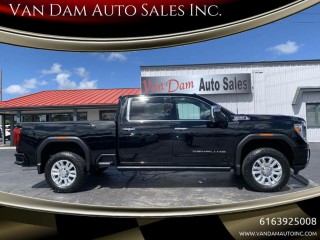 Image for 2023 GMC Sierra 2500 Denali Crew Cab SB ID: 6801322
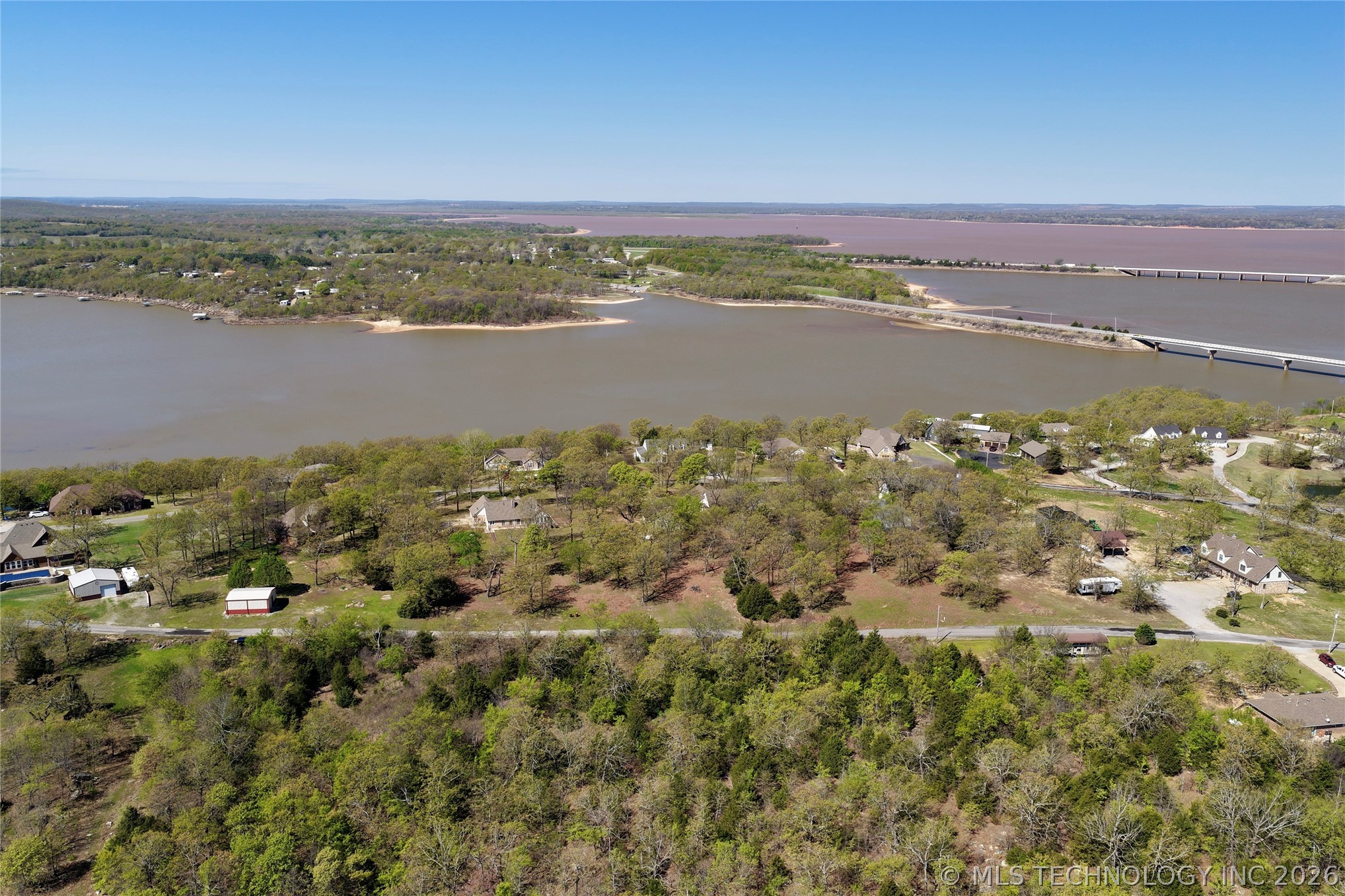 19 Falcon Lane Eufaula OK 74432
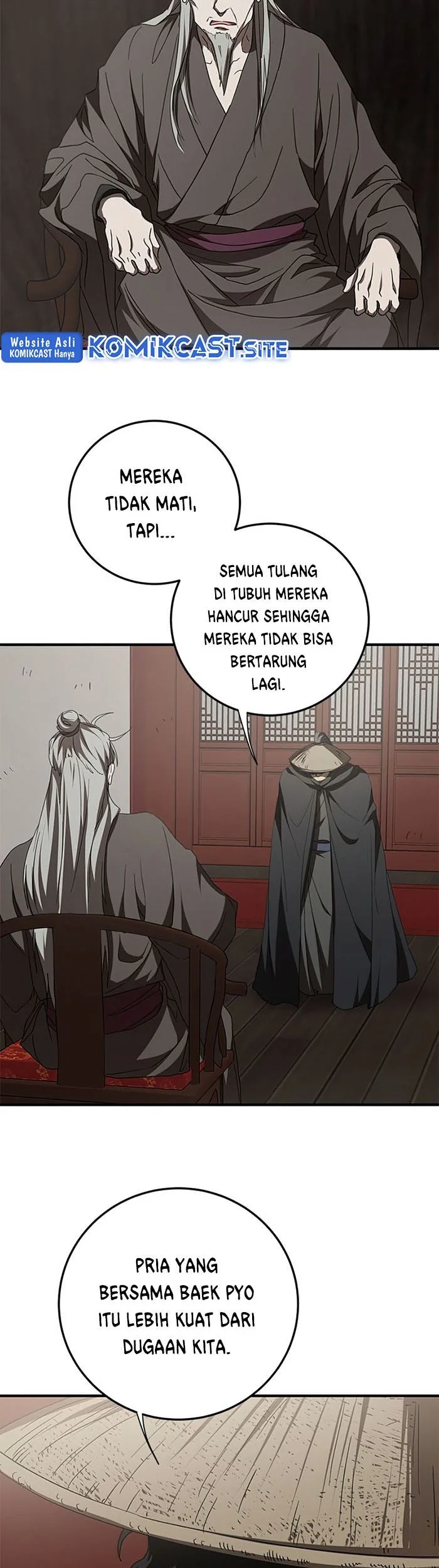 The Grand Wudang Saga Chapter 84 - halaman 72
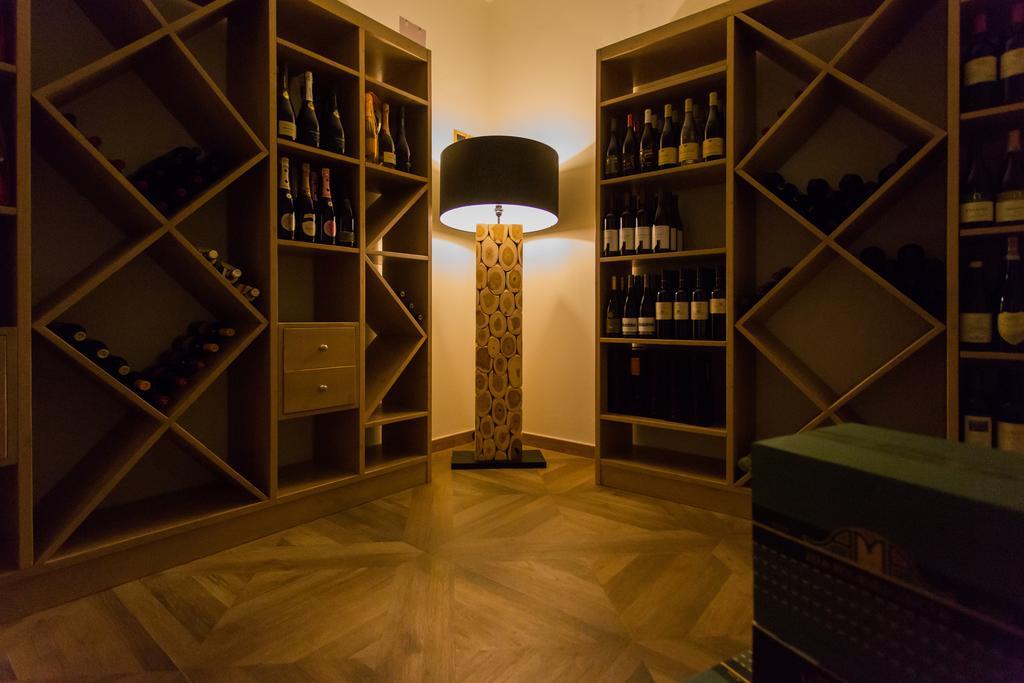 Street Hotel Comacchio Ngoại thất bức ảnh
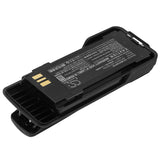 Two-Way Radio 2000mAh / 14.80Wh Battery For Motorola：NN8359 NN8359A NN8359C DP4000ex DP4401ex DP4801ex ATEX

++++++

Could you write out the records again exactly, without any of their pictures?

 Image for 2023 GMC Sierra 2500 Denali Crew Cab SB ID: 6801322
 19 Falcon Lane Eufaula OK 74432
 The Grand Wudang Saga Chapter 84 - halaman 72
 Street Hotel Comacchio Ngoại thất bức ảnh
 Two-Way Radio 2000mAh / 14.80Wh Battery For Motorola：NN8359 NN8359A NN8359C DP4000ex DP4401ex DP4801ex ATEX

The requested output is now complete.